The maximum GPU length for this PC case is 420mm, and the maximum CPU cooler height is 170mm (like the 4000D).
Finally, the front I/O has 2x USB 3.0 and one USB type C, plus an audio/microphone combination jack.
- Are you looking for a good PSU brand? Check out our Corsair vs EVGA comparison.
Corsair 4000D vs 5000D: Features Comparison
|Case||Corsair 4000D||Corsair 5000D|
|Size||453mm x 230mm x 466mm||520mm x 245mm x 520mm|
|Cooling||6x 120mm or 4x 140mm fans and 1x 360mm front or 1x 280mm roof radiator||10x 120mm or 4x 140mm fans and 2x 360mm radiators|
|Drives||4 (2x 3.5in and 2x 2.5in slots)||6 (2x 3.5in 4x 2.5in slots)|
|Maximum GPU Length||360mm||420mm|
|I/O||Power button, reset button, 3.5mm audio/microphone jack combination, 1x USB 3.0 port and 1x type C USB port||Power button, reset button, 3.5mm audio/microphone jack combo, 2x USB 3.0 ports and 1x type C USB port|
|Price||Check Price on Amazon||Check Price on Amazon|
Okay, now that we’ve introduced both cases, let’s compare the two and see which one is better – Corsair 4000D vs 5000D?

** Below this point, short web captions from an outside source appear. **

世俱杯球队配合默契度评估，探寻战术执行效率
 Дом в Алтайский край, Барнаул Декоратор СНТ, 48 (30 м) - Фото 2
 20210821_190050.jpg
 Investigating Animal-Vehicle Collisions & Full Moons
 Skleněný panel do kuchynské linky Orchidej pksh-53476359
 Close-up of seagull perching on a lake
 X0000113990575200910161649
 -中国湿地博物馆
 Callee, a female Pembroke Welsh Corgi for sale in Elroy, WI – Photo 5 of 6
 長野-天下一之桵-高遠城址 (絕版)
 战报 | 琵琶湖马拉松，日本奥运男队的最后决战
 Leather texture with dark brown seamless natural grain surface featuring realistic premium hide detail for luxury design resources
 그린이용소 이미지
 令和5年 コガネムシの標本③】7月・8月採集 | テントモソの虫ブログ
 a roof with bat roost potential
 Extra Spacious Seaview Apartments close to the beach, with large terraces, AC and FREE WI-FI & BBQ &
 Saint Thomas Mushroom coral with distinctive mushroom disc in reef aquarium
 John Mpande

Both cases have very good cooling, which is a must if you want to prevent heat damage to your computer parts, especially if you go with the AIRFLOW model, which replaces the regular front panel with a mesh screen for improved cooling and airflow.
The Corsair 4000D, like we already said, includes six 120mm fan slots or four 140mm, as well as space for one radiator, either a front 360mm or a 240mm or 280mm at the top, depending on the profile of your RAM.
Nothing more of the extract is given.